- TASK ITEM -
Write the records out once more. Leave each line exactly as given.
######
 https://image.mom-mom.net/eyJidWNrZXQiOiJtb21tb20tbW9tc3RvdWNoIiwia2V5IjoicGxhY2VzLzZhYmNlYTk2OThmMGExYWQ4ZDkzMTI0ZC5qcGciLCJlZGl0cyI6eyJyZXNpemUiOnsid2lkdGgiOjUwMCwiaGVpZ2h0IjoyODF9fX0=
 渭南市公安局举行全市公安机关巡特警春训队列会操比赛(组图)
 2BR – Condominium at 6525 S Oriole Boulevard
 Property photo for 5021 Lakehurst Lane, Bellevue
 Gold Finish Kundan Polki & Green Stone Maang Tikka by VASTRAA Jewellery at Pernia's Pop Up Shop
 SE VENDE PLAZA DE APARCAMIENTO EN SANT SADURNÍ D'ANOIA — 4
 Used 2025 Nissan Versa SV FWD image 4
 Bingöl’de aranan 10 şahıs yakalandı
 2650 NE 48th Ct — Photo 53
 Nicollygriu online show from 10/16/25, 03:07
######
- RESPONSE TO THIS TASK -
 https://image.mom-mom.net/eyJidWNrZXQiOiJtb21tb20tbW9tc3RvdWNoIiwia2V5IjoicGxhY2VzLzZhYmNlYTk2OThmMGExYWQ4ZDkzMTI0ZC5qcGciLCJlZGl0cyI6eyJyZXNpemUiOnsid2lkdGgiOjUwMCwiaGVpZ2h0IjoyODF9fX0=
 渭南市公安局举行全市公安机关巡特警春训队列会操比赛(组图)
 2BR – Condominium at 6525 S Oriole Boulevard
 Property photo for 5021 Lakehurst Lane, Bellevue
 Gold Finish Kundan Polki & Green Stone Maang Tikka by VASTRAA Jewellery at Pernia's Pop Up Shop
 SE VENDE PLAZA DE APARCAMIENTO EN SANT SADURNÍ D'ANOIA — 4
 Used 2025 Nissan Versa SV FWD image 4
 Bingöl’de aranan 10 şahıs yakalandı
 2650 NE 48th Ct — Photo 53
 Nicollygriu online show from 10/16/25, 03:07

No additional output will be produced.